• **GOAL OF THE EXERCISE**:
Below are several entries. Transcribe exactly those lines that fall from the one with "Gouden hanger met diamant 20 krt" through the one with "Lcw Dream Bordo", end lines included.

[Stored data]
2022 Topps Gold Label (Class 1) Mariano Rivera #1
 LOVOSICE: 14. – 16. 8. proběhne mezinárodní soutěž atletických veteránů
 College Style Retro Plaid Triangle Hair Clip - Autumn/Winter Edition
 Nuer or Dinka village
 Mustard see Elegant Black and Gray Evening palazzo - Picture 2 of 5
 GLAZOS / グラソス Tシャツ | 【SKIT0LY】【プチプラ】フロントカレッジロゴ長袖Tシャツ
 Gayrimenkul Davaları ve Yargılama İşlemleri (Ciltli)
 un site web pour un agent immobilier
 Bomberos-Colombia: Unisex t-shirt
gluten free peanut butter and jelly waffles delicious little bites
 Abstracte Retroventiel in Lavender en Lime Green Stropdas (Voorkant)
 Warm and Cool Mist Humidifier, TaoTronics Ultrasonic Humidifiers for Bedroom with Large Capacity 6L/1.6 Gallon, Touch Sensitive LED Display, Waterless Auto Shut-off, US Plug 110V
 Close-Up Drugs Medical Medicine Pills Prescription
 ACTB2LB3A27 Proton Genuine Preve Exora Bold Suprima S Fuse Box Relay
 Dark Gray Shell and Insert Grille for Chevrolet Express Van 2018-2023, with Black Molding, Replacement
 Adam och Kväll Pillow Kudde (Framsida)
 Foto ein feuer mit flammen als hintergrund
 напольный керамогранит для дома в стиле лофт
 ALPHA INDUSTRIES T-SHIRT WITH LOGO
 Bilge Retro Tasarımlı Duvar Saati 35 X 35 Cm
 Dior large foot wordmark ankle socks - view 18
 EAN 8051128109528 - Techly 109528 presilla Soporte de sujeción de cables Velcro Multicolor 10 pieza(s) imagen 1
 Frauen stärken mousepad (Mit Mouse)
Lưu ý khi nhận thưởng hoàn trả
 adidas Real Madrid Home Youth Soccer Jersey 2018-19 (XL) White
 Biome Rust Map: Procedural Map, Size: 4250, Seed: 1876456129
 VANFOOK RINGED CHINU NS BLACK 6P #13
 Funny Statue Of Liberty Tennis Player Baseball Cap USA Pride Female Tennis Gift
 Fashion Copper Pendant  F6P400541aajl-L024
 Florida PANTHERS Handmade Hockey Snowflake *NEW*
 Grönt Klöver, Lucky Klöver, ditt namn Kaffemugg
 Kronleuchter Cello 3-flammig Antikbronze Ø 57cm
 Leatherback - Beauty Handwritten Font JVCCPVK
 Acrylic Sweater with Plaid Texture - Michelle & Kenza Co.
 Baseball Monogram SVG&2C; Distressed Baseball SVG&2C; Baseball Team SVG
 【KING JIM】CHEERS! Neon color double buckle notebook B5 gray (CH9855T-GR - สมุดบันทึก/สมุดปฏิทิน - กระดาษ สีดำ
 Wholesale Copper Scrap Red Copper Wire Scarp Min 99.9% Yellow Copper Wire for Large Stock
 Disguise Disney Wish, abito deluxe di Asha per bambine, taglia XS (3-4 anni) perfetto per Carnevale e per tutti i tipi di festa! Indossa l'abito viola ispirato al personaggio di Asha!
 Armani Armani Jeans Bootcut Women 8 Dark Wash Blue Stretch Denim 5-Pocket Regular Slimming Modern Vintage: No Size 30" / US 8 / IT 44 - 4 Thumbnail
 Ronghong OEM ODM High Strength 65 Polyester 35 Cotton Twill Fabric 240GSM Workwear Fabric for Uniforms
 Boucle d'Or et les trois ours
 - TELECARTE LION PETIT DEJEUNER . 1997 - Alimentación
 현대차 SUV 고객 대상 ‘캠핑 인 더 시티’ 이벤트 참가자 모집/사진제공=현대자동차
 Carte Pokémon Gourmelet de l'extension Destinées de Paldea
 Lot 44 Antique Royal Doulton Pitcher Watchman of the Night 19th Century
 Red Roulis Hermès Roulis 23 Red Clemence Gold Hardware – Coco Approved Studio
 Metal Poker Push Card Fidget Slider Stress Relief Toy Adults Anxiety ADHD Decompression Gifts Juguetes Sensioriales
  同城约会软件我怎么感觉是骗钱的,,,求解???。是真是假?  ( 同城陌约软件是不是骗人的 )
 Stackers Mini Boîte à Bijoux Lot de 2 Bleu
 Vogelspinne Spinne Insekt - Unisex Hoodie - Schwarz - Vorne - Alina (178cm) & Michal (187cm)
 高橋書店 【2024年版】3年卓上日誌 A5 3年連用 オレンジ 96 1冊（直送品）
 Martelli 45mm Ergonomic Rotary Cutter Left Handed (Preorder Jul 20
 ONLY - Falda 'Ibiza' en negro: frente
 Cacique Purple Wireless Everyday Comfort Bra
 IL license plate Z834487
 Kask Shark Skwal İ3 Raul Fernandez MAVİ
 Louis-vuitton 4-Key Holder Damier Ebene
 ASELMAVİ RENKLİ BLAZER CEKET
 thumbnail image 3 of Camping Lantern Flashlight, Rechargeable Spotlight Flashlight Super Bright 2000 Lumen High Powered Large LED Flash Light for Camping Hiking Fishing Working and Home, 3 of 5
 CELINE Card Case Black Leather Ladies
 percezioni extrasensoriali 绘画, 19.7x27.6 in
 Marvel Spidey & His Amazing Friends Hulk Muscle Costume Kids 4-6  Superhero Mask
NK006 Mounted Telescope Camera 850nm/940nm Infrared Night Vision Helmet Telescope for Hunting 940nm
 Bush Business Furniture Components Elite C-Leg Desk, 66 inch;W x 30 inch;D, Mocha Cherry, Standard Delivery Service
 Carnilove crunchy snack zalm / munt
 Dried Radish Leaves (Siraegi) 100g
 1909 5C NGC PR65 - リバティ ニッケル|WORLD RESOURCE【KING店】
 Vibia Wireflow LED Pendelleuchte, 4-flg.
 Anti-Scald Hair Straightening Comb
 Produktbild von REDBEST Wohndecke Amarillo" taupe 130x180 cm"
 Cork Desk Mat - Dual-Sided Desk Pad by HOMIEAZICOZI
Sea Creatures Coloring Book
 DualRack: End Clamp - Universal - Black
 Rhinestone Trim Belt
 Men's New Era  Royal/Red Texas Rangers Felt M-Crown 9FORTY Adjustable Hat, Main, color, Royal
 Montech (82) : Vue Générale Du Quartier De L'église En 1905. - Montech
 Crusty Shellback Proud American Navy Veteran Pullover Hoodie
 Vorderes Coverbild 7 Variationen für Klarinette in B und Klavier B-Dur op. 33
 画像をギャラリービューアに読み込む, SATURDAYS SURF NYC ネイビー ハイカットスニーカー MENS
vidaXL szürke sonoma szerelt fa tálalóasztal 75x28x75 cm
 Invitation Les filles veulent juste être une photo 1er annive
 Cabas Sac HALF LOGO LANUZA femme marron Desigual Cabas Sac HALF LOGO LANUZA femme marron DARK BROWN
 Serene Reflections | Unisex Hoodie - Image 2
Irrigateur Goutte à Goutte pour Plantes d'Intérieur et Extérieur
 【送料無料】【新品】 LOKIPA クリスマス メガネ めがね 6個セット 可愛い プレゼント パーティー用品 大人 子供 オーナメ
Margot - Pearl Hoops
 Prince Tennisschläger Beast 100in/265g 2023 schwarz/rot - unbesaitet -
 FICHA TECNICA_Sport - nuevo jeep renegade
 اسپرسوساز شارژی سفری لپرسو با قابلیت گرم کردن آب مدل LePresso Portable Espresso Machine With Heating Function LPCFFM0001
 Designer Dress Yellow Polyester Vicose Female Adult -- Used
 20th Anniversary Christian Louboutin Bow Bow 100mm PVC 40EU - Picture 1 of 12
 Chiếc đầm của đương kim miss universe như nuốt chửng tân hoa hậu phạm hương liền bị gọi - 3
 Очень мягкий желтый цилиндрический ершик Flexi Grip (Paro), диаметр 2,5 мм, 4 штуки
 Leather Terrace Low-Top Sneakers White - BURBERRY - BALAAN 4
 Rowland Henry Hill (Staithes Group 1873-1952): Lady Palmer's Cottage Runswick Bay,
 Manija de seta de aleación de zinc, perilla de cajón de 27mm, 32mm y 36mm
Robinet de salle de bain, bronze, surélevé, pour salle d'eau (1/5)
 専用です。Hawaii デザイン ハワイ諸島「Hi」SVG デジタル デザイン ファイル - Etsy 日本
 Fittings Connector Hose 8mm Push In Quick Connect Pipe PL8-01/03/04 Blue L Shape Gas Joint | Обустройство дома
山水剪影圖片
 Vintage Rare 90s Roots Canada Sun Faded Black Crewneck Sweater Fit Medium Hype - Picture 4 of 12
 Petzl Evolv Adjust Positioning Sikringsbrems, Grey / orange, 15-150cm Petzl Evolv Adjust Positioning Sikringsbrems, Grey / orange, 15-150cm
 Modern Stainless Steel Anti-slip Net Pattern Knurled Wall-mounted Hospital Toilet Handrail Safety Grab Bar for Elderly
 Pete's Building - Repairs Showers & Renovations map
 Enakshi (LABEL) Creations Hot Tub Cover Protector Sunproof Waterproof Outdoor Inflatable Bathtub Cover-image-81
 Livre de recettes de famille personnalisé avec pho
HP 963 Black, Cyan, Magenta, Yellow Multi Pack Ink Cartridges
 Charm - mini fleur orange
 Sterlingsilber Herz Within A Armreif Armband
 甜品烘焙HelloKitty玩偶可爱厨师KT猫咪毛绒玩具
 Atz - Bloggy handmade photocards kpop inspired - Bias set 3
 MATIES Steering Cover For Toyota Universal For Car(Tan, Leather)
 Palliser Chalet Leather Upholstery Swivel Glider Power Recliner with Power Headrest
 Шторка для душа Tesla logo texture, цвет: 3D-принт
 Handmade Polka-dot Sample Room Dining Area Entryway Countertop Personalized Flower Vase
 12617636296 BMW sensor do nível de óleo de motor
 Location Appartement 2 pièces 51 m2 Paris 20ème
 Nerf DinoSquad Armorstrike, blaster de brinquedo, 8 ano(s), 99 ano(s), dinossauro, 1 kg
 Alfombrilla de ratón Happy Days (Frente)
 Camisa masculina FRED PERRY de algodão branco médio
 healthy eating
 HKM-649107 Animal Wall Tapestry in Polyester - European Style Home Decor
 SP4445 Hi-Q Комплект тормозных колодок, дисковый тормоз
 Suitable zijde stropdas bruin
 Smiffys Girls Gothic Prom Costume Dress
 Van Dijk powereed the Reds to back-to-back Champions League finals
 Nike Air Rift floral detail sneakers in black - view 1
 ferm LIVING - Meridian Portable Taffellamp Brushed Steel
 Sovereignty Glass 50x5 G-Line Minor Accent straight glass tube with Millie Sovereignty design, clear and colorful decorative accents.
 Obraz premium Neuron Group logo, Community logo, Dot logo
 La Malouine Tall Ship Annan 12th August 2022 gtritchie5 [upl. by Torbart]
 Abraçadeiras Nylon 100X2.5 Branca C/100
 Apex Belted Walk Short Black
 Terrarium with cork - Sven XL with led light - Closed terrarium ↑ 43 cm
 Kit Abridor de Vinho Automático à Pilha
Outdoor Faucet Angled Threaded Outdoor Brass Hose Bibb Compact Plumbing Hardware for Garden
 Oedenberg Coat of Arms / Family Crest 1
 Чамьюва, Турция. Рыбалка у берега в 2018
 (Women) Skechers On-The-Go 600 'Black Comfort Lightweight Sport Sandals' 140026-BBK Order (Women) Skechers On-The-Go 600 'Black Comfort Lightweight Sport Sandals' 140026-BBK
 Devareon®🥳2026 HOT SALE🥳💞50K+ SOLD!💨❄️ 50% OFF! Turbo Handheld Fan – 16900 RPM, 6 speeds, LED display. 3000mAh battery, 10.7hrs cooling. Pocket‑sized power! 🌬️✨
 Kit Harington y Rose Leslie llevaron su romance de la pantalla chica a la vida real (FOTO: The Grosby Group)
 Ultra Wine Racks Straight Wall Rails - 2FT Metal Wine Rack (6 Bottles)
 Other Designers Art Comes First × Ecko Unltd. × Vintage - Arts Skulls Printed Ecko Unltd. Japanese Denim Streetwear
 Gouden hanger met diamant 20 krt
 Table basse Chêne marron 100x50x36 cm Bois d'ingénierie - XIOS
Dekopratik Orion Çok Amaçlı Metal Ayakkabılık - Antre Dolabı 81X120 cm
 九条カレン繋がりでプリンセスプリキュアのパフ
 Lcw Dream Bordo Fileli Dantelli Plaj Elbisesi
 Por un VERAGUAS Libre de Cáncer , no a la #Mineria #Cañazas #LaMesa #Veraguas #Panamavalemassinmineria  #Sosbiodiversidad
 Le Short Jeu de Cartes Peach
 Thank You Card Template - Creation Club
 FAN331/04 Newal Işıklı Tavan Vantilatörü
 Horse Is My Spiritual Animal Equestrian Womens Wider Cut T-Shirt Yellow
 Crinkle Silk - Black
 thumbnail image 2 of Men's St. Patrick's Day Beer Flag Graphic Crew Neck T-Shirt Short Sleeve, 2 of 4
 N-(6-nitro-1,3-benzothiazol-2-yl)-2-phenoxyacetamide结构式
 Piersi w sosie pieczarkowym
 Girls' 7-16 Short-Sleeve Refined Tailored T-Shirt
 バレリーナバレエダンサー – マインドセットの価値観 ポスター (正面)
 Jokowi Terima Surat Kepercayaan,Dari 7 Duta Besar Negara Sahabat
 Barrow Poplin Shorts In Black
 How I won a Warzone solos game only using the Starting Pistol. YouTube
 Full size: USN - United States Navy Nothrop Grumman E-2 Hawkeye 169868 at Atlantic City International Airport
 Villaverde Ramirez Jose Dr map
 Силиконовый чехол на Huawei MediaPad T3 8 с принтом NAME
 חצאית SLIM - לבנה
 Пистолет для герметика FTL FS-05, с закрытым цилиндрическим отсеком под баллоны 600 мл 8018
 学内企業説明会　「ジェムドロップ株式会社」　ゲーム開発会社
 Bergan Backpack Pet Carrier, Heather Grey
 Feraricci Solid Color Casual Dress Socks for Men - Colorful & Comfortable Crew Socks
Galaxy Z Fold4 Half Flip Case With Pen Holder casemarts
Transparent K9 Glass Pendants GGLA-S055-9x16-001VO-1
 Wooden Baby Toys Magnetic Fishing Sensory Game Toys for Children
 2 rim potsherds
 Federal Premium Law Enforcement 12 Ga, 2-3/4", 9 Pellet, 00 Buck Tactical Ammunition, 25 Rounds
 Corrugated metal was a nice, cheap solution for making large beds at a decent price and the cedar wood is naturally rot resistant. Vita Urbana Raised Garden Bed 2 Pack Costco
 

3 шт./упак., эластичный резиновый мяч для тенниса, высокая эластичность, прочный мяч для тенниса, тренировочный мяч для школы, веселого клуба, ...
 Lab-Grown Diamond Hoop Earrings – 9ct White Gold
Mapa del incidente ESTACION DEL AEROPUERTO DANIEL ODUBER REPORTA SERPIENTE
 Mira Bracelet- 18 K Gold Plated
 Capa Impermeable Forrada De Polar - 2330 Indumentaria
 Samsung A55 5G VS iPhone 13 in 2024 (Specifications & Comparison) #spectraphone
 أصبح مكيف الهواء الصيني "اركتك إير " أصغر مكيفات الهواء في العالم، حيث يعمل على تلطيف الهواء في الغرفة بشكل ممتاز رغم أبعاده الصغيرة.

• **RESULT BELOW**:
 Gouden hanger met diamant 20 krt
 Table basse Chêne marron 100x50x36 cm Bois d'ingénierie - XIOS
Dekopratik Orion Çok Amaçlı Metal Ayakkabılık - Antre Dolabı 81X120 cm
 九条カレン繋がりでプリンセスプリキュアのパフ
 Lcw Dream Bordo Fileli Dantelli Plaj Elbisesi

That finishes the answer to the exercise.